Ja, unsere Kollegen in der Entwicklung von MediaInterface haben im Zuge von SEMED auch mit unserer Software zur artikulatorischen Sprachsynthese „herumgespielt” , so ist die Projektidee ArtiS entstanden. In diesem Projekt wollen wir die Möglichkeiten der artikulatorischen Synthese – verschiedenste Synthesestimmen in hoher Qualität zu erzeugen – nutzen, um künstliche Trainingsdaten für den Spracherkenner in SpeaKING zu erzeugen. Der Hintergrund ist, dass ein automatischer Spracherkenner umso besser funktioniert, je mehr Trainingsdaten zur Verfügung stehen. Gerade für seltene „Sprechsituationen“ gibt es in der Regel zu wenige echte Trainingsdaten. Das können z. B. selten vorkommende Lautverbindungen sein, aber auch ausländische Akzente oder deutsche Dialekte, die oft nicht richtig erkannt werden. Mit der Sprachsynthese können wir den Erkenner für genau solche Situationen „nachtrainieren“.

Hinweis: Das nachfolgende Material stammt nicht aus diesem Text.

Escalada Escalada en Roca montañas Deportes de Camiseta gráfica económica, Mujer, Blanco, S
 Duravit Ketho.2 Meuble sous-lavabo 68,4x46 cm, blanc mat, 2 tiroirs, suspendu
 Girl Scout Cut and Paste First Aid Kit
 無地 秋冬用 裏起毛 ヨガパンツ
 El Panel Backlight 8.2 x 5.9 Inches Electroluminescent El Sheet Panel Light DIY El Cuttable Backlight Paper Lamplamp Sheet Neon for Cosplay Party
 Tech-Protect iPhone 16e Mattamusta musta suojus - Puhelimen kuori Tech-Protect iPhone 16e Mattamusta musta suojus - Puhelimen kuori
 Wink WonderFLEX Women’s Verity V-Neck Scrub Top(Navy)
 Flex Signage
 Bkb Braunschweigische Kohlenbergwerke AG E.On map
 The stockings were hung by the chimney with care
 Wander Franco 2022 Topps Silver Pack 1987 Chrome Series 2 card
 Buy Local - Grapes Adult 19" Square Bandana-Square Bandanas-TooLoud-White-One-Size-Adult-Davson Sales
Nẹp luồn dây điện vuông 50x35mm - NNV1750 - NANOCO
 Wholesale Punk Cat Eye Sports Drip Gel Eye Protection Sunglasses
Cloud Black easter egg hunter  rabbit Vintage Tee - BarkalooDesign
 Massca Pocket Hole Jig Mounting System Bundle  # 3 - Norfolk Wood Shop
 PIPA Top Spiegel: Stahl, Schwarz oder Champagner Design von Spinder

Wie kommen Sie mit Lehre und Forschung gerade zurecht und wie sind Sie da aufgestellt?

Der Lockdown im Frühjahr 2020 war auch für uns relativ einschneidend, da Forschungsarbeiten im Labor plötzlich nicht mehr möglich waren, und so einige Projekte an der Professur ins Stocken kamen. Mit entsprechenden Vorkehrungen konnten diese Arbeiten dann aber relativ schnell wieder aufgenommen werden. Den schnellen Wechsel von Präsenzlehre zu Onlinelehre seit dem Sommersemester 2020 haben wir dank unserer motivierten Mitarbeiter auch zur großer Zufriedenheit der Studenten absolvieren können. Tatsächlich sind die Studentenzahlen in unseren Kursen gestiegen. Dennoch ist die Online-Lehre mit einem deutlich höheren Vorbereitungsaufwand verbunden und es fehlt uns sehr die direkte Interaktion mit den Studenten, sodass wir uns sehr auf ein hoffentlich baldiges Ende der Pandemie freuen.

Die Abkürzung SEMED steht für SprecherErkennung im Medizinbereich und läuft noch bis zum Juni 2022. MediaInterface verspricht sich von der Kooperation mit den jungen Wissenschaftlern von der TU Dresden einen zügigen Know-how-Transfer aus der Wissenschaft und Impulse für die Weiterentwicklung von SpeaKING und für neue Produktmodule, die das Portfolio sinnvoll ergänzen.